Fasting can be a simple, cost-effective and effective means to help with a range of disease states. The effect of fasting appears to be independent of weight/adipocyte loss itself. An understanding of the basic science is essential when engaging with patients and having a framework to incorporate fasting patterns into lifestyle is crucial.
Further study is needed into the optimal type of fast for individual disease states and patient types. In addition, improved ways to monitor outcomes are still in development.
WHAT TO EAT WHILE FASTING
It may seem like a paradoxical concept, but what to eat while fasting is extremely important for not only for the success of the fast (i.e., one’s ability to go for a period of time without eating) but for optimising health and wellbeing long-term.
Healthcare professionals recommending fasting should emphasise the importance of prioritising nutrient-dense whole foods at meal times.
Humans have certain requirements for essential proteins, fatty acids, vitamins and minerals. (12)
If we don’t consume enough of these nutrients, over time we risk deficiencies which can be associated with serious health conditions.For example, low magnesium levels are associated with insulin resistance and type 2 diabetes (13), likely due to the essential role that magnesium plays in the efficient signalling of insulin (14).
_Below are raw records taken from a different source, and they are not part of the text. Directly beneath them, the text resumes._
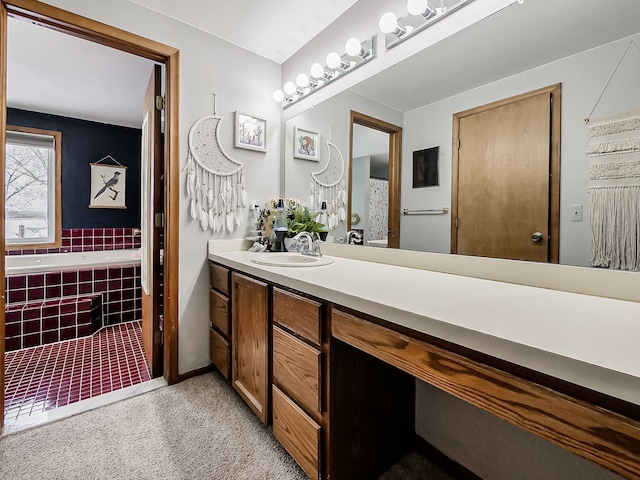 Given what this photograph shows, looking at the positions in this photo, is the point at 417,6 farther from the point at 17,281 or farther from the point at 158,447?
the point at 17,281

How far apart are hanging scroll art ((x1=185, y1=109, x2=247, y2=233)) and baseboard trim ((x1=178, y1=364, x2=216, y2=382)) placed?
94 cm

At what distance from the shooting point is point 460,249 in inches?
51.1

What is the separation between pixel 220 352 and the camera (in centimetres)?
190

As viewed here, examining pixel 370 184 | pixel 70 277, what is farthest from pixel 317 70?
pixel 70 277

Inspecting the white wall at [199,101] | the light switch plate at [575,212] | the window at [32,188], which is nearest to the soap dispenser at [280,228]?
the white wall at [199,101]

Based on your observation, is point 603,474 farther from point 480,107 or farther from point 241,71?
point 241,71

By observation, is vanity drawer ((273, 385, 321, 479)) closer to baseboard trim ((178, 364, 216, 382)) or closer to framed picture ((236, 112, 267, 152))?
baseboard trim ((178, 364, 216, 382))

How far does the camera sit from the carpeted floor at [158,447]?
125 centimetres

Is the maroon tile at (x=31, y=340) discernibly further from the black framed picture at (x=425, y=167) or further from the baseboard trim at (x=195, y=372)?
the black framed picture at (x=425, y=167)

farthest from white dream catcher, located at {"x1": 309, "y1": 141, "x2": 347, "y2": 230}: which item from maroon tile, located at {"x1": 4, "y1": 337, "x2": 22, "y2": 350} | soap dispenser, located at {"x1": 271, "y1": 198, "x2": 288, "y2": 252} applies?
maroon tile, located at {"x1": 4, "y1": 337, "x2": 22, "y2": 350}

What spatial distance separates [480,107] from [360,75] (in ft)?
2.67

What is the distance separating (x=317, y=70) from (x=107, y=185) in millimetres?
3220

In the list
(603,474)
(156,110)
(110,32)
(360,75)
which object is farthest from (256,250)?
(603,474)

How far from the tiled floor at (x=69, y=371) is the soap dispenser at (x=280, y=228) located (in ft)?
4.04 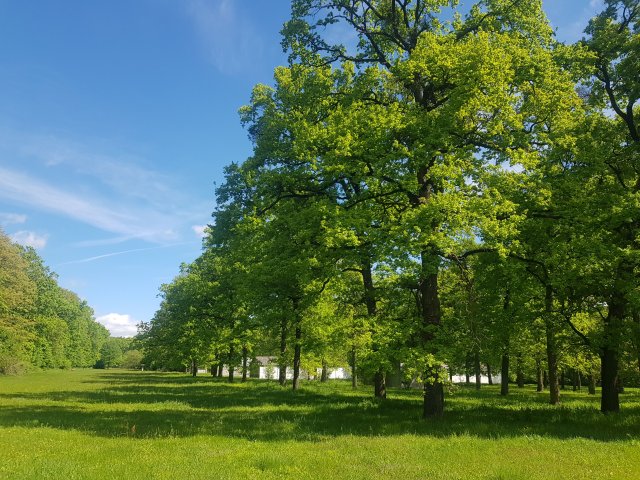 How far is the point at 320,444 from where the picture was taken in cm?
1345

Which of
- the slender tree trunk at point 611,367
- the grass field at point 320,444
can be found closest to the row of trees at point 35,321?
the grass field at point 320,444

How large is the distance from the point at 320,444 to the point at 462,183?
956 cm

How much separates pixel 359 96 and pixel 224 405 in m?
17.8

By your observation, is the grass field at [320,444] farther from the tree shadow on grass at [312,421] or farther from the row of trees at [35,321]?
the row of trees at [35,321]

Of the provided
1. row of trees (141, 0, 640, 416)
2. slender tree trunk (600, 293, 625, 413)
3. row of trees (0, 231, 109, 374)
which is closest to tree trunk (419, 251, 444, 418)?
row of trees (141, 0, 640, 416)

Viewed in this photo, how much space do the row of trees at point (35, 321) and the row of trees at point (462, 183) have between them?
39128 mm

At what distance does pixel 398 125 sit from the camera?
16.0 metres

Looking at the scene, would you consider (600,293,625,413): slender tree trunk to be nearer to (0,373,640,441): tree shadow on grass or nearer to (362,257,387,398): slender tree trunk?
(0,373,640,441): tree shadow on grass

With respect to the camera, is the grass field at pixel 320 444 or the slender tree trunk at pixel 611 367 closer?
the grass field at pixel 320 444

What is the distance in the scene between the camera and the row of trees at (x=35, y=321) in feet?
162

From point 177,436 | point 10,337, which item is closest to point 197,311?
point 10,337

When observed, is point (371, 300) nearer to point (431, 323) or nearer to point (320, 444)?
point (431, 323)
It is recommended that patients wishing to undertake intermittent fasting speak to a dietitian or nutritionist for advice about their individual requirements for macro- and micronutrients.
In brief, prioritising nutrient-dense foods such as meat, fish, eggs, dairy, nuts, seeds and vegetables is an effective adjunctive strategy to intermittent fasting.
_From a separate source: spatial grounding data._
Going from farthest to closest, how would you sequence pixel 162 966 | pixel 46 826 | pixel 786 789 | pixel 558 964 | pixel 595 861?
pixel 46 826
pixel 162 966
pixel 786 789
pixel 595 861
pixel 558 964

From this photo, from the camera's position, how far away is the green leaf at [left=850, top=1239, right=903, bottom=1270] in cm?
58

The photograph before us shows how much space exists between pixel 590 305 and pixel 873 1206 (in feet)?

- Richards, M. A brief review of the archaeological evidence for Palaeolithic and Neolithic subsistence. Eur J Clin Nutr 56, 1270–1278 (2002). https://doi.org/10.1038/sj.ejcn.1601646
- Cordain L, Eaton SB, Sebastian A, Mann N, Lindeberg S, Watkins BA, O’Keefe JH, Brand-Miller J. Origins and evolution of the Western diet: health implications for the 21st century. Am J Clin Nutr 2005;81:341–54
- Masharani, U., Sherchan, P., Schloetter, M. et al. Metabolic and physiologic effects from consuming a hunter-gatherer (Paleolithic)-type diet in type 2 diabetes. Eur J Clin Nutr 69, 944–948 (2015). https://doi.org/10.1038/ejcn.2015.39
- Randle PJ, Garland PB, Hales CN & Newsholme EA The glucose fatty-acid cycle. Its role in insulin sensitivity and the metabolic disturbances of diabetes mellitus. Lancet 1, 785–789 (1963).
- Early Time-Restricted Feeding Improves 24-Hour Glucose Levels and Affects Markers of the Circadian Clock, Aging, and Autophagy in Humans Humaira Jamshed, Robbie A. Beyl, Deborah L. Della Manna, Eddy S. Yang, Eric Ravussin, Courtney M. Peterson Nutrients. 2019 Jun; 11(6): 1234. Published online 2019 May 30. doi: 10.3390/nu11061234
- Arnold SE, Arvanitakis Z, Macauley-Rambach SL, et al. Brain insulin resistance in type 2 diabetes and Alzheimer disease: concepts and conundrums. Nat Rev Neurol 2018; 14: 168-81.
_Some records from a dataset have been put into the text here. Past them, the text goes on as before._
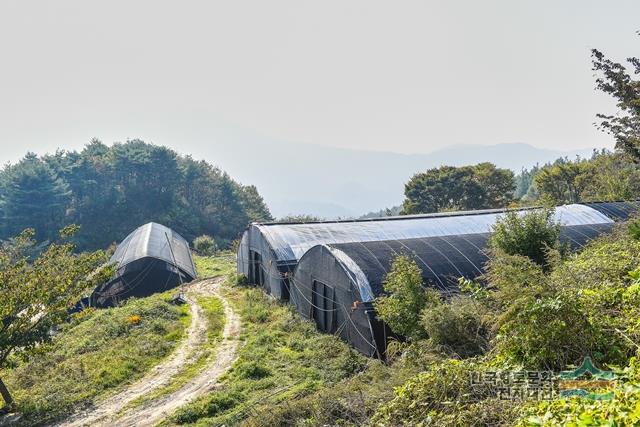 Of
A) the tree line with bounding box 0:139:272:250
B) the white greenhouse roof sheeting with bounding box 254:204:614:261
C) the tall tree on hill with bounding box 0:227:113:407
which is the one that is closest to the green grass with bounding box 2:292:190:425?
the tall tree on hill with bounding box 0:227:113:407

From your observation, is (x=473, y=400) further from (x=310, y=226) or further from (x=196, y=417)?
(x=310, y=226)

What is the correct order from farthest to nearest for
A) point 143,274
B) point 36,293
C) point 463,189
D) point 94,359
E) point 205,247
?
point 463,189
point 205,247
point 143,274
point 94,359
point 36,293

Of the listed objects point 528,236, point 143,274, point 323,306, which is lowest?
point 323,306

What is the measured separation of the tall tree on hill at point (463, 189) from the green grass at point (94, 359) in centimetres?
Answer: 4564

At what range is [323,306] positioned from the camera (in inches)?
754

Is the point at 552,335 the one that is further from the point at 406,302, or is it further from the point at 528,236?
the point at 528,236

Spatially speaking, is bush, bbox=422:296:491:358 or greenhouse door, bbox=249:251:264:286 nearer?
bush, bbox=422:296:491:358

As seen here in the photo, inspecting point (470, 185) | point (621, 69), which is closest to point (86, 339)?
point (621, 69)

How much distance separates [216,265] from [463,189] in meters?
36.4

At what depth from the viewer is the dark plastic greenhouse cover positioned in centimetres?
3716

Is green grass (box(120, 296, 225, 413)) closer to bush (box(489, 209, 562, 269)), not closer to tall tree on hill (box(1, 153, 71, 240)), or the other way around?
bush (box(489, 209, 562, 269))

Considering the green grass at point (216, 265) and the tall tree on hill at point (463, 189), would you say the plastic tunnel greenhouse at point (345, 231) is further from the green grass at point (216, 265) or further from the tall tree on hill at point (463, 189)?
the tall tree on hill at point (463, 189)

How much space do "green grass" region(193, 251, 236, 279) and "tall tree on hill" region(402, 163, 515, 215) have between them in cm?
2777

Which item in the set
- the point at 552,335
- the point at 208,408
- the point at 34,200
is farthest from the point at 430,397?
the point at 34,200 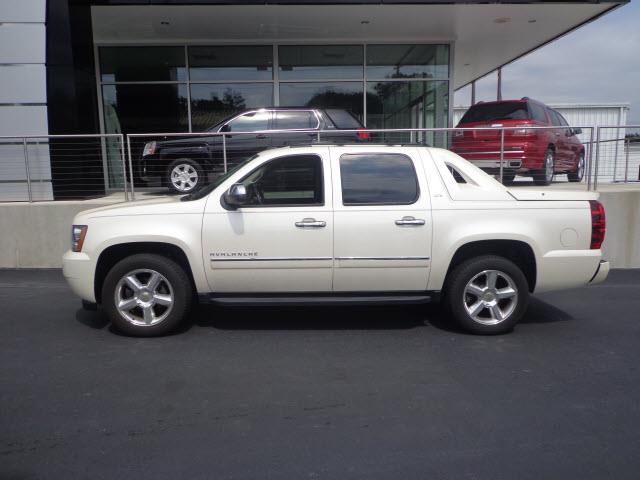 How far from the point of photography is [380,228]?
514 cm

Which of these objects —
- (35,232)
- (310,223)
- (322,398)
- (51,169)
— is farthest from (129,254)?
(51,169)

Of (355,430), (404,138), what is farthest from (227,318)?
(404,138)

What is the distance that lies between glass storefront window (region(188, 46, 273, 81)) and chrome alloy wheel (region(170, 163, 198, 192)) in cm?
562

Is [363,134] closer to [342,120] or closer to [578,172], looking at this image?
[342,120]

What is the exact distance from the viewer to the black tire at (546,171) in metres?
10.2

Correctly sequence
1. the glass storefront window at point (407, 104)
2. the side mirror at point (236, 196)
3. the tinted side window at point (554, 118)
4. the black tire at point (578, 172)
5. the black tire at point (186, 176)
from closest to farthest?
1. the side mirror at point (236, 196)
2. the black tire at point (186, 176)
3. the tinted side window at point (554, 118)
4. the black tire at point (578, 172)
5. the glass storefront window at point (407, 104)

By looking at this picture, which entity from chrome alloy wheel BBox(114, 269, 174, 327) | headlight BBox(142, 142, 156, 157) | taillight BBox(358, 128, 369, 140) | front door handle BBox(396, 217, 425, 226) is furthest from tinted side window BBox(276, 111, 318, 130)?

- Effects of Intermittent Fasting on Health, Aging, and Disease. Rafael de Cabo, Ph.D., and Mark P. Mattson, Ph.D.. n engl j med 381;26 nejm.org December 26, 2019
- Zatterale F, Longo M, Naderi J, et al. Chronic Adipose Tissue Inflammation Linking Obesity to Insulin Resistance and Type 2 Diabetes. Front Physiol. 2020;10:1607. Published 2020 Jan 29. doi:10.3389/fphys.2019.01607
- Velingkaar N, Mezhnina V, Poe A, Makwana K, Tulsian R, Kondratov RV. Reduced caloric intake and periodic fasting independently contribute to metabolic effects of caloric restriction. Aging Cell. 2020;19(4):e13138. doi:10.1111/acel.1313
- Harvie MN, Pegington M, Mattson MP, et al. The effects of intermittent or continuous energy restriction on weight loss and metabolic disease risk markers: a randomized trial in young overweight women. Int J Obes (Lond) 2011; 35: 714-27.
- Harvie M, Wright C, Pegington M, et al. The effect of intermittent energy and carbohydrate restriction v. daily energy restriction on weight loss and metabolic disease risk markers in overweight women. Br J Nutr 2013; 110: 1534-47.